RECORDS FOR PROCESSING ▸

═══

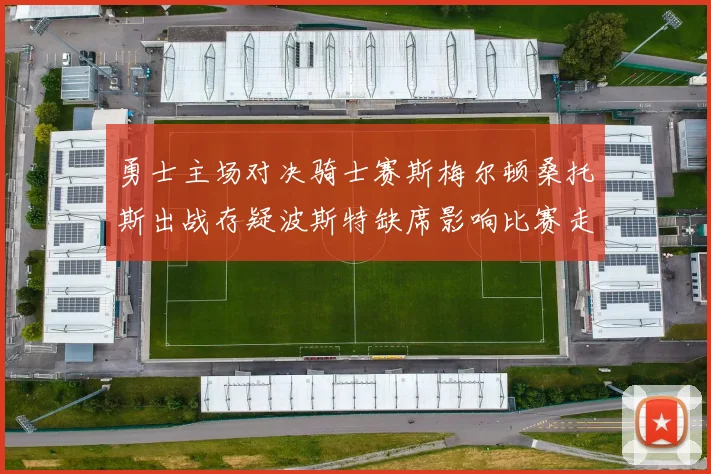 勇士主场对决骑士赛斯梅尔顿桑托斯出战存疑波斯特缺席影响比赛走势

═══

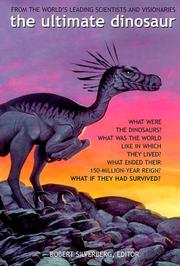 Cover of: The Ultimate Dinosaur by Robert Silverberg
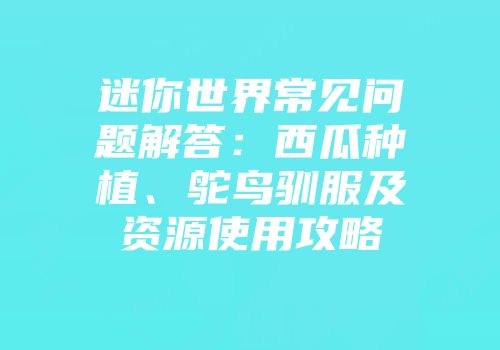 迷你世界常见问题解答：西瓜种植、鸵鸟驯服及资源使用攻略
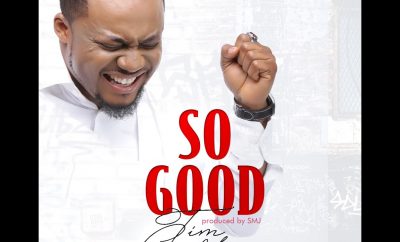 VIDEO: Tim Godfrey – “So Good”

═══

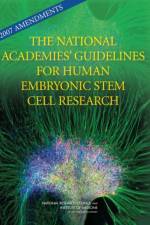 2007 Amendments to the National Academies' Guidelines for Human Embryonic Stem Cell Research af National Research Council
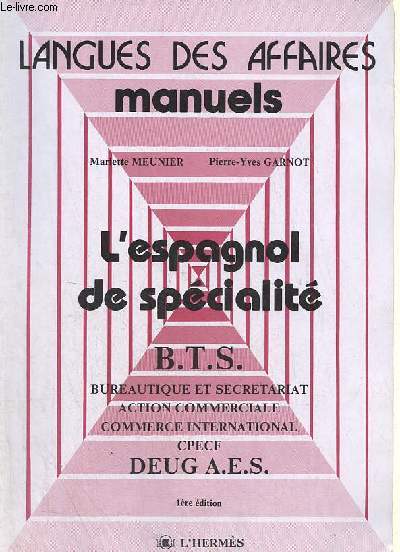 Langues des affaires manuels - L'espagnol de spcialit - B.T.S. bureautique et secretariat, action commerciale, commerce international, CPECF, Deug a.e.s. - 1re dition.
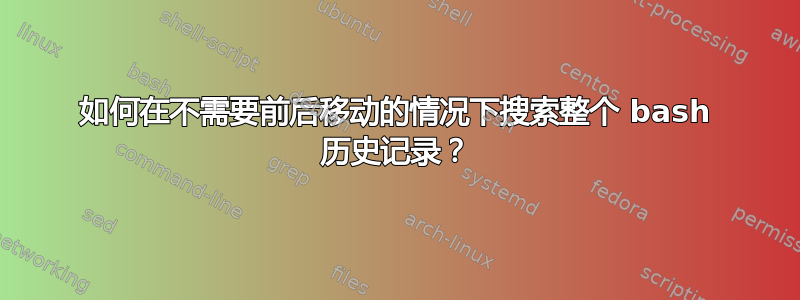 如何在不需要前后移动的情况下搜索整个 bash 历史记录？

═══

Copy the listing above exactly, but only from the line with "Cover of: The" through the line with "VIDEO: Tim Godfrey", including those two lines and excluding any picture.

RESPONSE TO THE EXERCISE ▸
 Cover of: The Ultimate Dinosaur by Robert Silverberg
 迷你世界常见问题解答：西瓜种植、鸵鸟驯服及资源使用攻略
 VIDEO: Tim Godfrey – “So Good”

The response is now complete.